Thursday, April 5, 2012

The hits just keep coming.....

I tore my calf muscle the week after joining our local rec center so I could swim.....no exercising.  I was on crutches for a couple days and it was NOT an easy feat with all the stairs in my house. I ended up not using them at home, but kept my calf wrapped and have managed to improve to a point of being able to walk (rather well) now... I'm slow but I walk. :)

Tuesday I got a diagnosis that we suspected for years, but doctors had gone back and forth on. One doctor would say I had it, then another would say there was no indication that I had it. SIGH So after seeing my Gynecologist Tuesday for a follow up on some tests they did to try to find the source of all my pain I have been told that I have PCOS. Which means the pain I have been having, along with the weight gain, difficulty losing weight and several other symptoms, are all due to the PCOS. The doctor has put me on a couple of different treatments including hormone therapy (which is essentially birth control that regulates the hormone levels in my body) as well as a diabetes medication to help my body process insulin. Insulin issues are VERY common in women with PCOS and though I don't currently have diabetes, my risks of getting it are pretty high. It runs in my family, I'm overweight, and I have PCOS and already deal with blood sugar and insulin issues. FUN.

While happy to have a diagnosis, and relieved that I don't have cancer in my ovaries, I'm left wondering if I'm just never going to be able to get all these issues under control. The hormone therapy they put me on, being birth control, commonly causes weight gain. SIGH. So here we go again, another set of odd stacked against me. It isn't that I feel sorry for myself, it just starts to feel like maybe I should just get used to being fat, tired and in pain every single day of my life. But at the same time, I feel like that is such a defeatist attitude and I'm certainly NOT a defeatist.

It is hard to wake up every day in terrible pain, the pain meds that the doctors give you helps with the pain, but then you can't really function at full capacity...I can't drive on the narcotic pain meds for example. I guess I just choose every day to suffer through as much as I can manage. I don't like being "drugged" and I don't like missing out on life because of pain or weight.
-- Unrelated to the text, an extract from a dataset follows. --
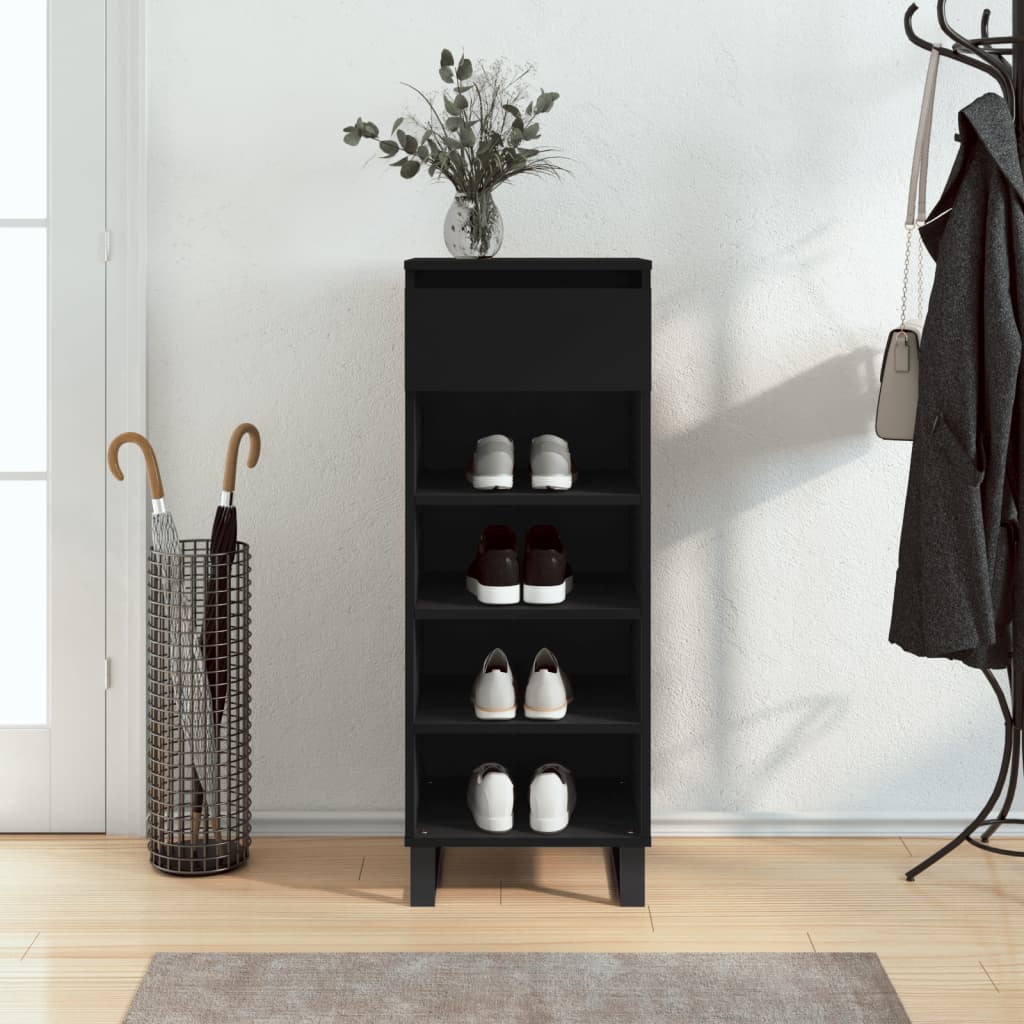 Vidaxx armoire à chaussures 40x36x105 cm bois fini noir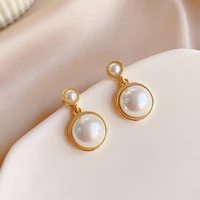 round connect highlight pearl dangle earrings retro hanging light luxury stud earrings female sterling silver drop party jewelry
So I smile and just keep going.

I'm doing some research on how to diet when you have PCOS...the weight loss is truly necessary (as I stated in a previous post) because of my back issues.  I'm planning on getting back into the pool (hopefully today or tomorrow) and get my body moving. I just have to go slowly as far as walking or cycling goes due to the calf tear. I still have big goals for weight loss and I'm trying to remain optimistic about achieving those goals, I'm just finding it difficult to not feel so defeated right now.

The trick is keeping at it. Right? I might fail, but I'm not going to fail because I didn't try. Not working for it is the only guaranteed way to fail. The hits keep coming but I'm still standing.

1 comment:

  1. It is possible. You have been successful at losing before, so you know it is POSSIBLE. Don't let the circumstances get you down. Watching you deal with these challenges with a positive attitude is encouragement to the rest of us.